§ Task description
Every record must be written out once more, with nothing added or omitted.

:: Data provided

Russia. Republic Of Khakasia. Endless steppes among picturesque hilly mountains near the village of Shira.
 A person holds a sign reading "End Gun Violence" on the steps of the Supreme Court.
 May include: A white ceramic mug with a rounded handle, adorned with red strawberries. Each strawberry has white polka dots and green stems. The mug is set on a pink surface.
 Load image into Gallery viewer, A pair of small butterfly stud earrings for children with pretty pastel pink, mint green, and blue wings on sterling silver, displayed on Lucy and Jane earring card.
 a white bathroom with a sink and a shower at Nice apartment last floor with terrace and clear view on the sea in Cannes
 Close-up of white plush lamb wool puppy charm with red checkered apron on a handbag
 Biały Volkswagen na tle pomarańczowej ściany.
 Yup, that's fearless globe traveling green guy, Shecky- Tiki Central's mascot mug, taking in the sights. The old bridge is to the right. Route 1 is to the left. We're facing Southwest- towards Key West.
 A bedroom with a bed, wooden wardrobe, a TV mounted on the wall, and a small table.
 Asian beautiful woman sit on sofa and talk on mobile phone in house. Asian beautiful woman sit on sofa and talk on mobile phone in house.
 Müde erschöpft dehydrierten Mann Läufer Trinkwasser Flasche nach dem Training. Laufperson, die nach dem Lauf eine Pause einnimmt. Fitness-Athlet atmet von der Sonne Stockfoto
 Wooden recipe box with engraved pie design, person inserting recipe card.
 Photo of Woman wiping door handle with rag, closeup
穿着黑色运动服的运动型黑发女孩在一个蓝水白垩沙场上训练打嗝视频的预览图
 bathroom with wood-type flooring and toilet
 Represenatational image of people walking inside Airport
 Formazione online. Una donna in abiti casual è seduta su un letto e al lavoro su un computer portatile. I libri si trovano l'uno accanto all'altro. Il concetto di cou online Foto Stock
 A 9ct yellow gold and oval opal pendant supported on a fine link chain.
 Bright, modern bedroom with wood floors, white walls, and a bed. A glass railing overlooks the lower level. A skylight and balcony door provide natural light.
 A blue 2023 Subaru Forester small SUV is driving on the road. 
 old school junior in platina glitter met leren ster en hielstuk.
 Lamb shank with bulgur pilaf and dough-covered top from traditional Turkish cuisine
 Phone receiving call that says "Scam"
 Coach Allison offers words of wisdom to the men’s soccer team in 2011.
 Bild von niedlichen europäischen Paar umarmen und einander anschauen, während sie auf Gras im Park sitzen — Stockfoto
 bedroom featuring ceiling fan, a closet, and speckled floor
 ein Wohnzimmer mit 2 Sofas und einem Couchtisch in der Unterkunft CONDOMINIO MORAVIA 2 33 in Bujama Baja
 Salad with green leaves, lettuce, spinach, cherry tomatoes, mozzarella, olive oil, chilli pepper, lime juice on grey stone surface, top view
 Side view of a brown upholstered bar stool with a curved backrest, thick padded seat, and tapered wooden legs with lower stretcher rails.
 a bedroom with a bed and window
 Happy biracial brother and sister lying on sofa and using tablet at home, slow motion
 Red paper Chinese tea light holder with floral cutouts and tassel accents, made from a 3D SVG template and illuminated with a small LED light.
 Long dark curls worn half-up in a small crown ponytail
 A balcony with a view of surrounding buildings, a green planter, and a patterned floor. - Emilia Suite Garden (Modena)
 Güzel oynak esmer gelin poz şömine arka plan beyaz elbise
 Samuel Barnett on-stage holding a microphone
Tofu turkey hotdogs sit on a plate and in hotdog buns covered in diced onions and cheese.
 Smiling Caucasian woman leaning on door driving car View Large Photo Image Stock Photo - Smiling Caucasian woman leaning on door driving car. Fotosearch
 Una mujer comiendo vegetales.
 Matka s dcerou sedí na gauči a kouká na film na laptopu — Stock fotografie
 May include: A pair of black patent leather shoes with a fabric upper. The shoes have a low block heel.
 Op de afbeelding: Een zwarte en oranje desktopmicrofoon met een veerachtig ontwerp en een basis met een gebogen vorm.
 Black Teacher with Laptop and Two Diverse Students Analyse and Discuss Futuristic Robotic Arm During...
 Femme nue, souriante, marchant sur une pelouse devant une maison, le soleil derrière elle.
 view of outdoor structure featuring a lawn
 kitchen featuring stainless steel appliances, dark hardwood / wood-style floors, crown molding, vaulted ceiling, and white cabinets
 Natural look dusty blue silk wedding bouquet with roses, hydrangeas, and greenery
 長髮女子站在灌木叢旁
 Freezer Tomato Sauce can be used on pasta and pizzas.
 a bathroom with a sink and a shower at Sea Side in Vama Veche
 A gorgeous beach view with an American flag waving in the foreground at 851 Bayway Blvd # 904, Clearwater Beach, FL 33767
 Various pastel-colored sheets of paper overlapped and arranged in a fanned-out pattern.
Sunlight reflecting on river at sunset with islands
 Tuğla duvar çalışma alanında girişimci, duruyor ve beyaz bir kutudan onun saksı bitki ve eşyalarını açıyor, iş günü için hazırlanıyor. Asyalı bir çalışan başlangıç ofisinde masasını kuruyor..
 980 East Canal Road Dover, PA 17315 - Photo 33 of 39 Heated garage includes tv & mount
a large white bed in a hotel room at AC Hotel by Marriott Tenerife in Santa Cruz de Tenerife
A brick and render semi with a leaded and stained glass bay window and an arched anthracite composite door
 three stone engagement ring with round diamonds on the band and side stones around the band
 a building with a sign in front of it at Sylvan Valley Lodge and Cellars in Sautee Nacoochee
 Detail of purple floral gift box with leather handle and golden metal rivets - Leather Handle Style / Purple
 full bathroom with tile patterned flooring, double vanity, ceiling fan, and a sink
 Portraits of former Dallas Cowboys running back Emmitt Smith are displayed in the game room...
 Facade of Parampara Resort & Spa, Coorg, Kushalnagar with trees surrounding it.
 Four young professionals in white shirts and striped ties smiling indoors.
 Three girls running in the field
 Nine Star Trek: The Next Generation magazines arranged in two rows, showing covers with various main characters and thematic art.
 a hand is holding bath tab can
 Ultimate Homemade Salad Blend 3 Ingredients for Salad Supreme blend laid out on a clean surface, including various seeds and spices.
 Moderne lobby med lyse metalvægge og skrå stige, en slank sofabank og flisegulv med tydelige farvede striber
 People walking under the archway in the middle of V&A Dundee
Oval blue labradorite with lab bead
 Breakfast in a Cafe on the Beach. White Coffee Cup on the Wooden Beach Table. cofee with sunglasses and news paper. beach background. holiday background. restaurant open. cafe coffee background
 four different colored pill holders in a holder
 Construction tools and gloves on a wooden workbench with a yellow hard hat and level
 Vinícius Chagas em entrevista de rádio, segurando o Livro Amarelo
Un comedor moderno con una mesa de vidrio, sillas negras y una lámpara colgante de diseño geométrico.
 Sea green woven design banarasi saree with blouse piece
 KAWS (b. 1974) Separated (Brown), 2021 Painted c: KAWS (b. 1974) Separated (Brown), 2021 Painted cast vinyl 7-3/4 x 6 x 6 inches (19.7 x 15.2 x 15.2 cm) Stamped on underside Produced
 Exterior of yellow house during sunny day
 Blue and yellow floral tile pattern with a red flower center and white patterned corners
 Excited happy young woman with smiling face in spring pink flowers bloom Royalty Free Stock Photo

::::

§ Solution to this exercise
Russia. Republic Of Khakasia. Endless steppes among picturesque hilly mountains near the village of Shira.
 A person holds a sign reading "End Gun Violence" on the steps of the Supreme Court.
 May include: A white ceramic mug with a rounded handle, adorned with red strawberries. Each strawberry has white polka dots and green stems. The mug is set on a pink surface.
 Load image into Gallery viewer, A pair of small butterfly stud earrings for children with pretty pastel pink, mint green, and blue wings on sterling silver, displayed on Lucy and Jane earring card.
 a white bathroom with a sink and a shower at Nice apartment last floor with terrace and clear view on the sea in Cannes
 Close-up of white plush lamb wool puppy charm with red checkered apron on a handbag
 Biały Volkswagen na tle pomarańczowej ściany.
 Yup, that's fearless globe traveling green guy, Shecky- Tiki Central's mascot mug, taking in the sights. The old bridge is to the right. Route 1 is to the left. We're facing Southwest- towards Key West.
 A bedroom with a bed, wooden wardrobe, a TV mounted on the wall, and a small table.
 Asian beautiful woman sit on sofa and talk on mobile phone in house. Asian beautiful woman sit on sofa and talk on mobile phone in house.
 Müde erschöpft dehydrierten Mann Läufer Trinkwasser Flasche nach dem Training. Laufperson, die nach dem Lauf eine Pause einnimmt. Fitness-Athlet atmet von der Sonne Stockfoto
 Wooden recipe box with engraved pie design, person inserting recipe card.
 Photo of Woman wiping door handle with rag, closeup
穿着黑色运动服的运动型黑发女孩在一个蓝水白垩沙场上训练打嗝视频的预览图
 bathroom with wood-type flooring and toilet
 Represenatational image of people walking inside Airport
 Formazione online. Una donna in abiti casual è seduta su un letto e al lavoro su un computer portatile. I libri si trovano l'uno accanto all'altro. Il concetto di cou online Foto Stock
 A 9ct yellow gold and oval opal pendant supported on a fine link chain.
 Bright, modern bedroom with wood floors, white walls, and a bed. A glass railing overlooks the lower level. A skylight and balcony door provide natural light.
 A blue 2023 Subaru Forester small SUV is driving on the road. 
 old school junior in platina glitter met leren ster en hielstuk.
 Lamb shank with bulgur pilaf and dough-covered top from traditional Turkish cuisine
 Phone receiving call that says "Scam"
 Coach Allison offers words of wisdom to the men’s soccer team in 2011.
 Bild von niedlichen europäischen Paar umarmen und einander anschauen, während sie auf Gras im Park sitzen — Stockfoto
 bedroom featuring ceiling fan, a closet, and speckled floor
 ein Wohnzimmer mit 2 Sofas und einem Couchtisch in der Unterkunft CONDOMINIO MORAVIA 2 33 in Bujama Baja
 Salad with green leaves, lettuce, spinach, cherry tomatoes, mozzarella, olive oil, chilli pepper, lime juice on grey stone surface, top view
 Side view of a brown upholstered bar stool with a curved backrest, thick padded seat, and tapered wooden legs with lower stretcher rails.
 a bedroom with a bed and window
 Happy biracial brother and sister lying on sofa and using tablet at home, slow motion
 Red paper Chinese tea light holder with floral cutouts and tassel accents, made from a 3D SVG template and illuminated with a small LED light.
 Long dark curls worn half-up in a small crown ponytail
 A balcony with a view of surrounding buildings, a green planter, and a patterned floor. - Emilia Suite Garden (Modena)
 Güzel oynak esmer gelin poz şömine arka plan beyaz elbise
 Samuel Barnett on-stage holding a microphone
Tofu turkey hotdogs sit on a plate and in hotdog buns covered in diced onions and cheese.
 Smiling Caucasian woman leaning on door driving car View Large Photo Image Stock Photo - Smiling Caucasian woman leaning on door driving car. Fotosearch
 Una mujer comiendo vegetales.
 Matka s dcerou sedí na gauči a kouká na film na laptopu — Stock fotografie
 May include: A pair of black patent leather shoes with a fabric upper. The shoes have a low block heel.
 Op de afbeelding: Een zwarte en oranje desktopmicrofoon met een veerachtig ontwerp en een basis met een gebogen vorm.
 Black Teacher with Laptop and Two Diverse Students Analyse and Discuss Futuristic Robotic Arm During...
 Femme nue, souriante, marchant sur une pelouse devant une maison, le soleil derrière elle.
 view of outdoor structure featuring a lawn
 kitchen featuring stainless steel appliances, dark hardwood / wood-style floors, crown molding, vaulted ceiling, and white cabinets
 Natural look dusty blue silk wedding bouquet with roses, hydrangeas, and greenery
 長髮女子站在灌木叢旁
 Freezer Tomato Sauce can be used on pasta and pizzas.
 a bathroom with a sink and a shower at Sea Side in Vama Veche
 A gorgeous beach view with an American flag waving in the foreground at 851 Bayway Blvd # 904, Clearwater Beach, FL 33767
 Various pastel-colored sheets of paper overlapped and arranged in a fanned-out pattern.
Sunlight reflecting on river at sunset with islands
 Tuğla duvar çalışma alanında girişimci, duruyor ve beyaz bir kutudan onun saksı bitki ve eşyalarını açıyor, iş günü için hazırlanıyor. Asyalı bir çalışan başlangıç ofisinde masasını kuruyor..
 980 East Canal Road Dover, PA 17315 - Photo 33 of 39 Heated garage includes tv & mount
a large white bed in a hotel room at AC Hotel by Marriott Tenerife in Santa Cruz de Tenerife
A brick and render semi with a leaded and stained glass bay window and an arched anthracite composite door
 three stone engagement ring with round diamonds on the band and side stones around the band
 a building with a sign in front of it at Sylvan Valley Lodge and Cellars in Sautee Nacoochee
 Detail of purple floral gift box with leather handle and golden metal rivets - Leather Handle Style / Purple
 full bathroom with tile patterned flooring, double vanity, ceiling fan, and a sink
 Portraits of former Dallas Cowboys running back Emmitt Smith are displayed in the game room...
 Facade of Parampara Resort & Spa, Coorg, Kushalnagar with trees surrounding it.
 Four young professionals in white shirts and striped ties smiling indoors.
 Three girls running in the field
 Nine Star Trek: The Next Generation magazines arranged in two rows, showing covers with various main characters and thematic art.
 a hand is holding bath tab can
 Ultimate Homemade Salad Blend 3 Ingredients for Salad Supreme blend laid out on a clean surface, including various seeds and spices.
 Moderne lobby med lyse metalvægge og skrå stige, en slank sofabank og flisegulv med tydelige farvede striber
 People walking under the archway in the middle of V&A Dundee
Oval blue labradorite with lab bead
 Breakfast in a Cafe on the Beach. White Coffee Cup on the Wooden Beach Table. cofee with sunglasses and news paper. beach background. holiday background. restaurant open. cafe coffee background
 four different colored pill holders in a holder
 Construction tools and gloves on a wooden workbench with a yellow hard hat and level
 Vinícius Chagas em entrevista de rádio, segurando o Livro Amarelo
Un comedor moderno con una mesa de vidrio, sillas negras y una lámpara colgante de diseño geométrico.
 Sea green woven design banarasi saree with blouse piece
 KAWS (b. 1974) Separated (Brown), 2021 Painted c: KAWS (b. 1974) Separated (Brown), 2021 Painted cast vinyl 7-3/4 x 6 x 6 inches (19.7 x 15.2 x 15.2 cm) Stamped on underside Produced
 Exterior of yellow house during sunny day
 Blue and yellow floral tile pattern with a red flower center and white patterned corners
 Excited happy young woman with smiling face in spring pink flowers bloom Royalty Free Stock Photo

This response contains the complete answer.